See what I mean? For those of us who know the whole story, these are funny lines. For the rest of you—well, I’ll have to tell you the story sometime. And here is your lanyard.

Meanwhile, there was one other book—an actual book, this time, not a tape—which I was sorely tempted to check out on a permanent and illicit basis from the public library of Cambridgeshire. Now that I think of it, we probably still owe fines on this one, too. It was a book of poetry for children, by a Cornishman named Charles Causley, and it was as irresistible to me as it was to my children.

There was, and is, a pleasure on an entirely different level from “recalling the funny bits” in saying aloud a poem which begins, “Here’s Reverend Rundle/His gear in a bundle,” or

Good morning, Mr. Croco-doco-dile,
And how are you today?
I like to see you croco-smoco-smile
In your croco-woco-way.

These poems were often funny; they were often lyrical and even—and this is unusual in children’s poetry—haunting. They were wonderful to read aloud and to hear, not only because what they had to say was funny, or lyrical, or haunting, but in their music, in the very pleasure they took in their own sound.

This is a quality, incidentally, not confined to Causley’s poetry for children. In fact, as the Charles Causley Society’s website points out,

It is difficult to decide which of Causley’s poems can be classified as “children’s poems” since many of them contain several layers of experience.

It’s no slur against Causley’s reputation to say that my children can understand a poem like this or this as readily as they understand the “children’s” poems. And though Causley didn’t make a name for himself via recordings and animations, you can hear him read “Timothy Winters” and a selection of other poems at The Poetry Archive.
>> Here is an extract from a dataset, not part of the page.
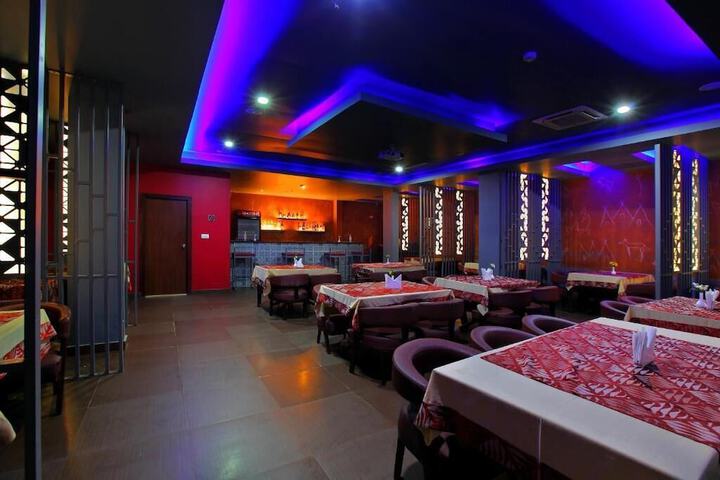 Lounge 21 of 31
So . . . it may look as if I’d forgotten your original question, Joe, but I haven’t. No, I don’t think Billy Collins is killing poetry. But when I stand him up beside poets for whom the idea of an oral tradition of poetry means more than just “intelligible stuff you say out loud”—poets who write memorable music as well as accessible and repeatable lines—it seems to me that we don’ t have to settle for mere life-support, either.